In storage infrastructures, the I/O bottlenecks and resultant loss in performance are typically seen at the interconnection points where multiple sources of I/O traffic meet, such as HBAs on the host, the storage array controller, storage array ports etc. In VMware vSphere environments, the solution that is currently available for such I/O bottleneck problems is to move the data to another storage array. However this data movement is time consuming and cannot be used for frequent changes in I/O traffic landscape.
Since VxDMP can establish the relationship between the LUNs and the transport (HBA to storage array port) links being used for the I/O traffic (across multiple hosts), it provides visibility to the vSphere administrator regarding usage of a particular shared storage component (HBA, Storage array controller, storage array port, etc). Therefore VxDMP enables the virtual infrastructure administrator to make sure all the components in the infrastructure are equally loaded thereby avoiding traffic congestions and large latencies at various levels. It also provides methods for resolving such imbalances if they do occur in the environment by adjusting the traffic movement without requiring any data movement.

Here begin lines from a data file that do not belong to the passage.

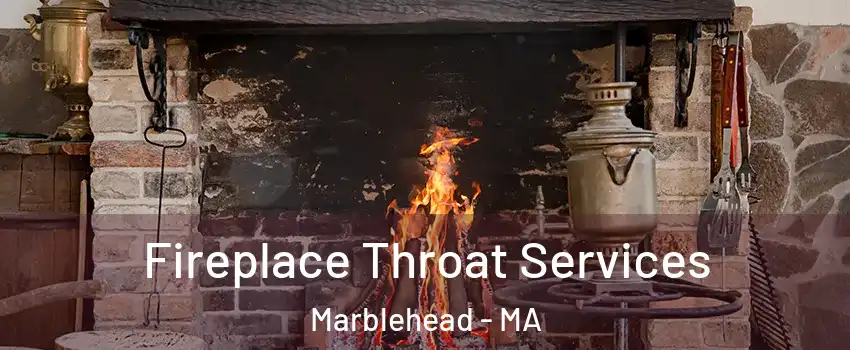  Fireplace Throat Services Marblehead - MA
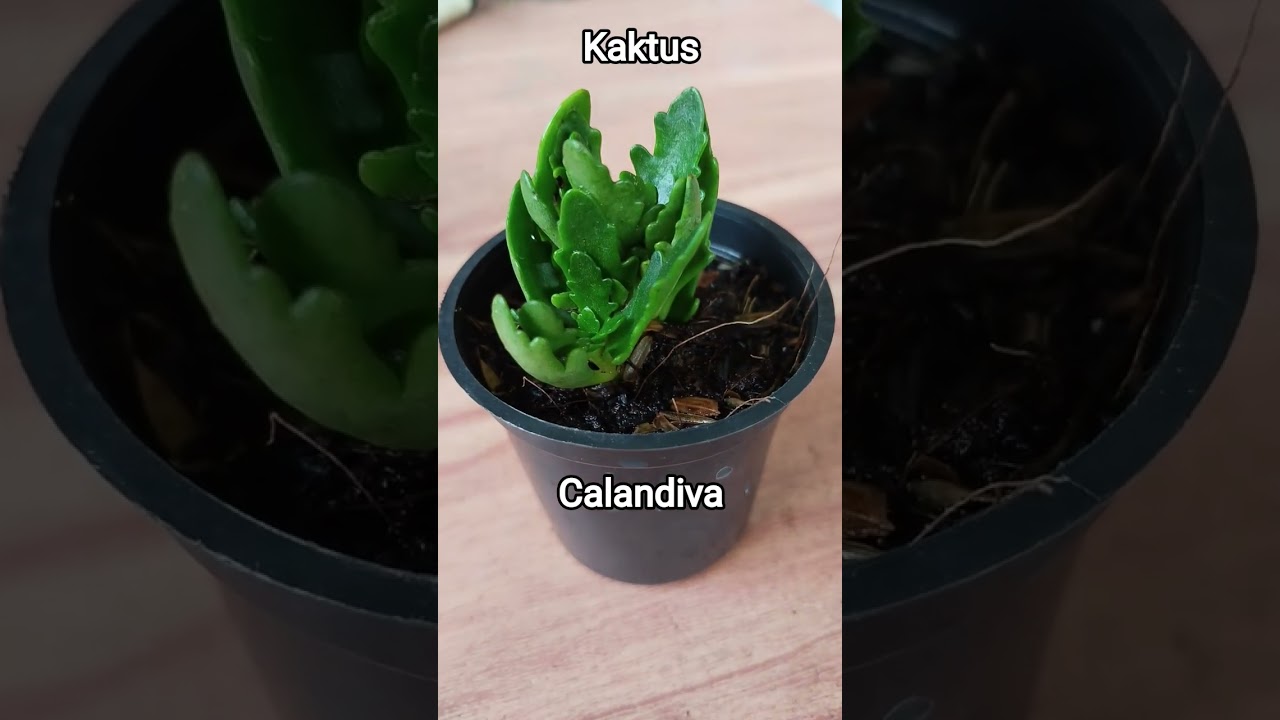 Kaktus - Calandiva
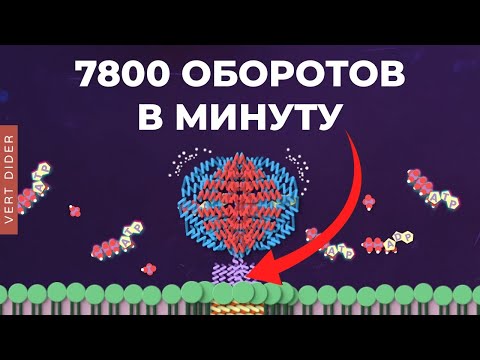Видео: Биохимия фотосинтеза: #3. АТФ-синтаза [Clockwork]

The following steps outline how the virtual infrastructure administrator can use the VxDMP UI to identify and eliminate I/O bottlenecks when faced with a problem of large I/O latencies being seen for a particular virtual machine or data store.

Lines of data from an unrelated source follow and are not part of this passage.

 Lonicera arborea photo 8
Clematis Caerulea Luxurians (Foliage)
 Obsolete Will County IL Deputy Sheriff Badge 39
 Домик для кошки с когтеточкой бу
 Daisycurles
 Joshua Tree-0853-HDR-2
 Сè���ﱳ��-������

- After identifying the host and datastore on which the virtual machine is currently running, access the VxDMP tab associated with the host in the vSphere client to see the various storage array instances (also called enclosures) connected to the host, along with the I/O load distribution indicating how the arrays are loading the I/O channel (HBAs) available to the host.
This data can also be automatically refreshed at regular intervals to view real-time operational statistics. The same data is gathered by Veritas Operations Manager (VoM) running in the environment to provide long term I/O traffic trends.
- Select the HBA view to note the I/O load distribution across the HBAs and note any imbalances that need to be corrected to address high latencies seen for the LUNs underneath the given virtual machine or datastore.
- Similarly check the array port based traffic distribution for the storage array that houses the LUNs associated with the virtual machine or datastore, for any I/O load imbalances. VxDMP is intelligent enough to send less traffic on ports that are congested and thus have large latencies.
- Once it’s confirmed that the I/O traffic distribution from the host is balanced, check if the bottleneck is at the storage side by switching to the VxDMP tab within the Data Center in the vSphere client UI and selecting the storage array for the LUNs being analyzed.
This view provides a complete picture of the ESX hosts using the storage array. A bird’s eye view of the I/O load distribution across the storage array ports is shown as a pie-chart for quick analysis. Finer granular distribution can be obtained using the histogram that shows the distribution of I/O traffic from all the hosts connected to the storage array filtered by the storage processor (or controller) and the storage array ports. This also provides mapping of hosts connected to each of the storage array controller and array ports without needing to use the storage array management interface directly.
For each of the above subsets (host filtered by storage process/ports), a more detailed distribution can be obtained at a virtual machine and virtual disk level in a popup window by clicking on the histogram bar.
All I/O statistics can be exported in a CSV format for additional analysis.
This information provides visibility to why a particular storage port, storage controller or storage array is bottlenecked and also provides the list of VMware entities that are contributing to or being affected by the bottleneck.
- Once the problem area has been identified, in order to achieve load balancing, one of the easiest ways the vSphere administrator can distribute traffic is by putting paths of certain LUNs on ‘standby’ so that the paths are ‘available’ for I/O but are not actively used unless all available paths have either ‘failed’ due to loss of connectivity or have been manually ‘disabled’ by the administrator.
- Another way to balance I/O load is to identify if the set of LUNs that belong to the given virtual machine or data store are accessible from another ESX host using a different set of storage array ports or storage controllers thus providing an alternate storage access path for the same virtual machine or storage LUN.
The VxDMP vSphere UI plugin provides this information at the data center level. The storage array view under the VxDMP tab provides a view of all the LUNs exposed by the storage array to VMware ESX hosts in the data center along with the DMP discovered attributes of the LUNs. By selecting one or more LUNs that comprise the virtual machine or data store and choosing the ‘show connected hosts’ option via right-click, one can view the mapping of the hosts sharing the set of LUNs along with the VMs on each using them (if any) and details of the exact storage access paths (storage controller and port) being used.
As can be seen, typically the problem of large I/O latencies and performance degradation is with storage connectivity and does not require data movement to mitigate it. A re-adjustment of connections could just do wonders.
I hope this gives a very good picture of how VxDMP can help identify and solve the frequently encountered I/O bottleneck problem in VMware vSphere environments. I would like to know what you think about this and appreciate if you can provide details on how VxDMP helped you gain storage visibility and manage your storage infrastructure better.